Lumens are a great place to start for determining what headlamp you’re looking for. Lumens are a unit of measurement that helps your figure out exactly how bright your new headlamp will be, and they usually range between 50 and 1,000 lumens. If you just need a headlamp for late night bathroom trips on your next camp trip, a lower lumen rating is perfectly fine, but if you’re caving or climbing you’ll want to go with something brighter.

Brightness Levels


This setting is pretty self explanatory, if you need your light as bright as possible, the Max or High setting is what you want to be using. Just keep in mind that this setting will drain your battery faster than any of
the others.


That perfect middle ground between low and high, the mid setting is a versatile go between that’s great for a variety of situations. Not all headlamps have a mid setting and it’s not something that you 100% need, but it can be nice to have on those days where you need more light than the low setting but don’t want to waste your battery with the high one.
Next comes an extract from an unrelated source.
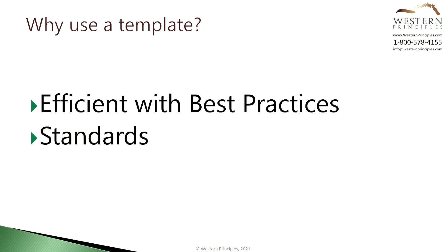Secondly using a template helps to enforce standards. The standards might be things like standard milestones that should show up in each plan.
The low light setting is an energy efficient way to add a little extra light to your early morning chores around camp or for those dusky walks on the trail.


The strobe or flash setting on your headlamp is a good setting for a variety of situations. If you’re lost or need to grab someone’s attention it’s a great signal for emergencies. It’s also good for preserving the battery life of your headlamp and making you more visible in low light situations.

Red Light

The red light setting is perfect for use at night. This setting adds a little bit of extra light to your campsite without disturbing others and it won’t ruin your night vision like regular light will.

Boost/Zoom Mode

The boost or zoom mode is only available on select headlamps, but this setting is great for short, high intensity beams. Just remember that this setting has a tendency to drain your battery and isn’t meant to last for very long (only about 20 or so seconds).

Beam Type

Most headlamps have two beam types, the flood beam setting and the spot beam. Both are used for pretty specific circumstances.

Spot (Focused or Narrow)

The other type is a spot, focused, or narrow beam setting. This type of beam has a narrower light than the flood so you won’t be able to see as much as close range, but it gives you more light for things that are off in the distance.

Flood (or Wide)

A flood or wide setting is perfect for things that are right in front of you. Need some extra light for reading or making repairs? The flood or wide beam setting is what you want to be using.